These are the names of the twelve apostles: first, Simon (who is called Peter) and his brother Andrew; James son of Zebedee, and his brother John; Philip and Bartholomew; Thomas and Matthew the tax collector; James son of Alphaeus, and Thaddaeus; Simon the Zealot and Judas Iscariot, who betrayed him.
Did you catch that switch? In the first part, they are called disciples but in the second part they are called apostles. So we looked up the two words. Turns out the root word of “disciple” means “to learn.” The word “apostle” means basically “one who has been sent on a particular mission.” All their learning from Jesus wasn’t just for their own benefit. He taught them and then gave them His authority and they were sent on their mission. We have been given that same authority and mission.
And as Mandi and I are talking through this, I look up and there looking into the window of the coffee shop is…
A real live, flesh and blood sheep, ya’ll.
At first I was as little concerned about what might have been in my coffee, so I was somewhat relieved when Mandi and the other handful of folks there saw it too.
And this sheep was scared. I could see it shaking. It ran into the corner out on the patio area and then darted back to the door and back to the patio again. When a couple of folks walked outside to get a closer look, the sheep ran off…by way of the drive-thru. Insane I tell you.
But here’s where the really crazy part comes in. Yes, I know the sheep at the Coffee Shack is crazy enough but hang onto your hat…
The sheep had a yellow tag in it’s ear with the number 102.
Remember we’d just read the first two verses of Chapter 10 of Matthew about five minutes before the sheep showed up? I guess when God wants to drive a point home…

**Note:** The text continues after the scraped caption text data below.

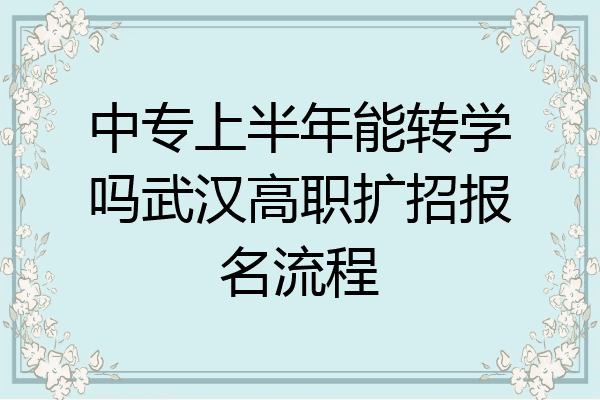中专上半年能转学吗武汉高职扩招报名流程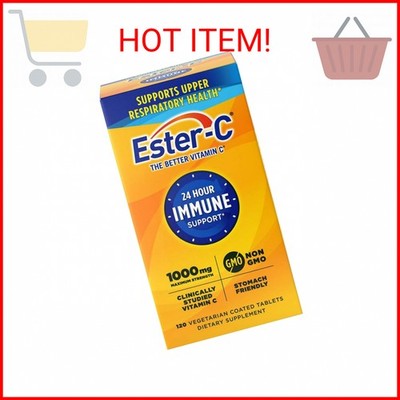 Ester-C Vitamin C 1000 mg Coated Tablets, Immune System Booster, Stomach-Friendl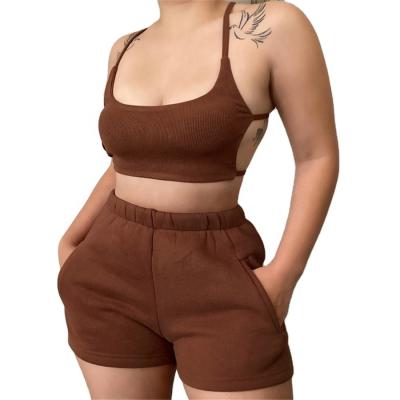 China QUICK DRY Women Sweat Suits Apparel Wholesale Two Piece Short Pants Set Backless Jogger Two Piece Short Set Women Sweater for sale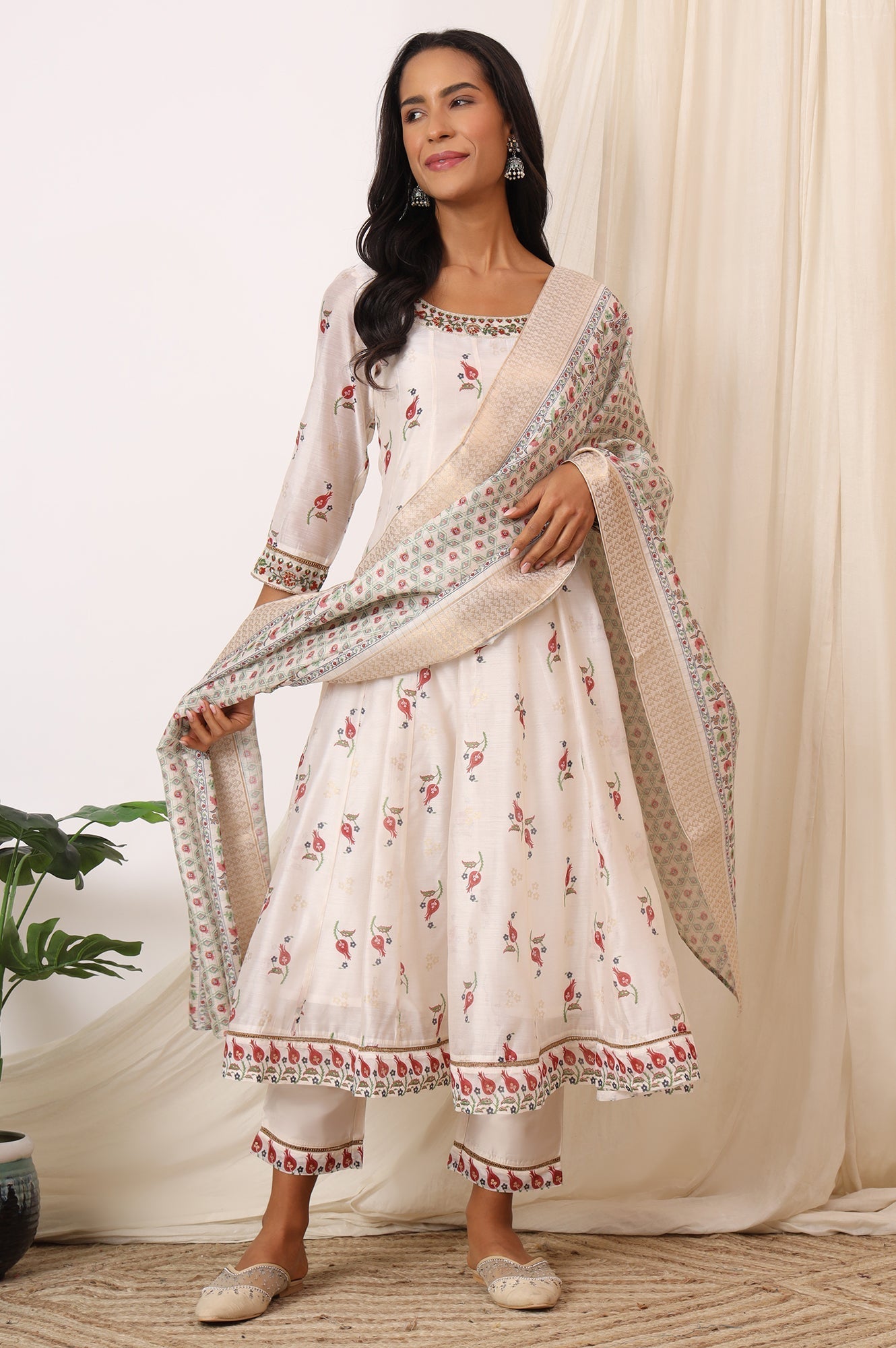 W for Woman White Floral Printed Chanderi Anarkali Kurta, Pants and Dupatta Set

So, although I’m sure I’ll be thinking on this one for a while, here’s what I’ve gleaned from all this so far:
1. There is a time to learn, and a time to use what you’ve learned. We need to study the Word and spend time with the Father in order to learn, but at some point the time comes for us to go and tell what we’ve learned to someone else. We are not just called…we are also sent.
2. We all need a Savior and although ultimately the choice is ours, God’s heart is to be reconciled with all of mankind. There is none too far gone for His grace, no heart too black to be washed white as snow by the blood of Christ.
3. Sheep are fast.
4. God is an incredibly amazing God who uses the craziest things to get our attention sometimes.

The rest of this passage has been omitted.